About this exercise: Output a character-exact copy of the data, images removed.

Source data:
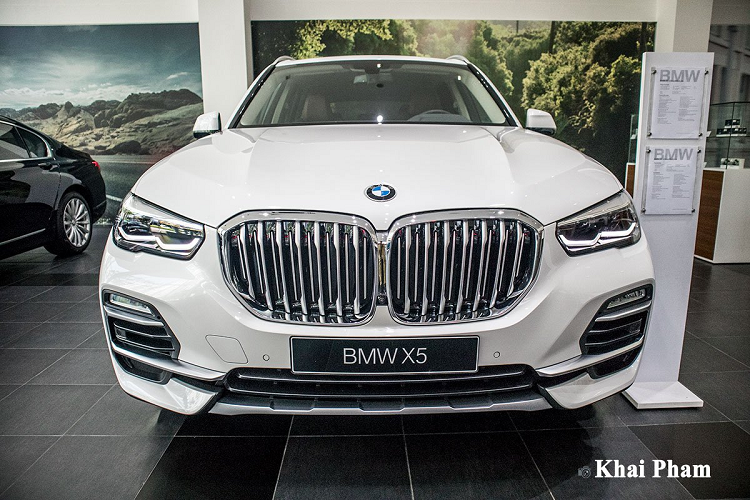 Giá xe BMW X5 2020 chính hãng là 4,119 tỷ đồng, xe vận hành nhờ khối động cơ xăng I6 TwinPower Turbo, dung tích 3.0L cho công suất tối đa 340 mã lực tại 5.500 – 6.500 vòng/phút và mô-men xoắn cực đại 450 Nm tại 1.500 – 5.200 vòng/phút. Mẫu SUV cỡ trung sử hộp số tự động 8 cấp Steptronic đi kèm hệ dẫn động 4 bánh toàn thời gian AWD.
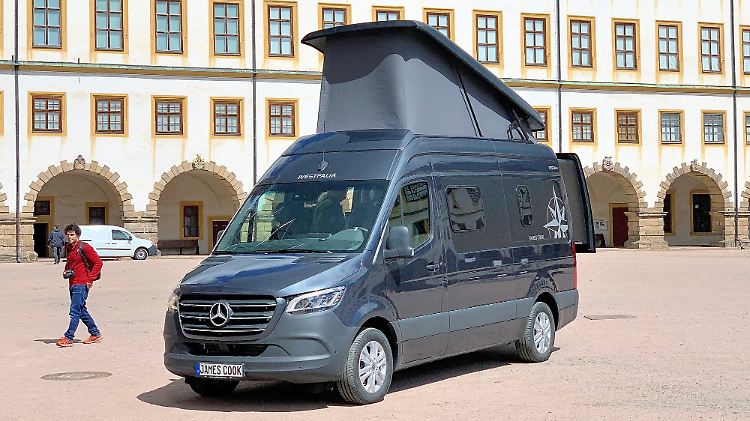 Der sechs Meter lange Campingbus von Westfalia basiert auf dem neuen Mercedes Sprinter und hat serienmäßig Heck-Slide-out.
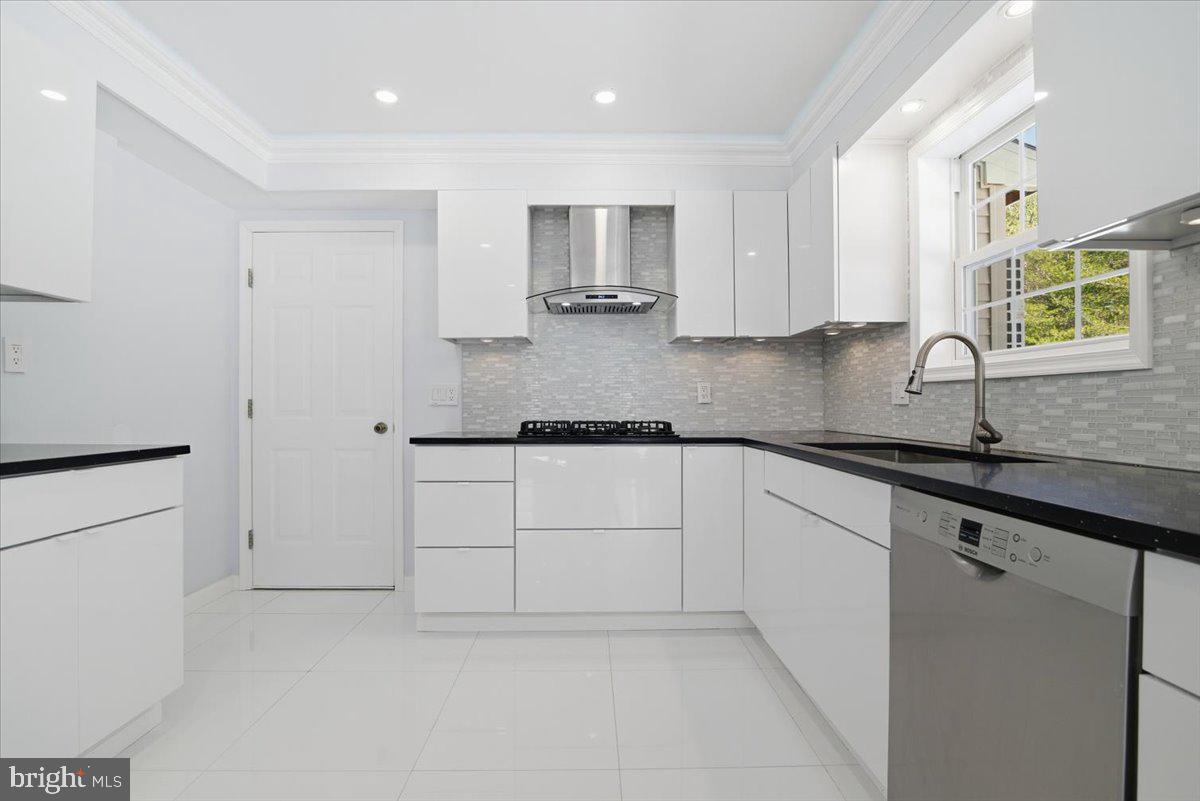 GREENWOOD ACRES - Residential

Task solution:
 Giá xe BMW X5 2020 chính hãng là 4,119 tỷ đồng, xe vận hành nhờ khối động cơ xăng I6 TwinPower Turbo, dung tích 3.0L cho công suất tối đa 340 mã lực tại 5.500 – 6.500 vòng/phút và mô-men xoắn cực đại 450 Nm tại 1.500 – 5.200 vòng/phút. Mẫu SUV cỡ trung sử hộp số tự động 8 cấp Steptronic đi kèm hệ dẫn động 4 bánh toàn thời gian AWD.
 Der sechs Meter lange Campingbus von Westfalia basiert auf dem neuen Mercedes Sprinter und hat serienmäßig Heck-Slide-out.
 GREENWOOD ACRES - Residential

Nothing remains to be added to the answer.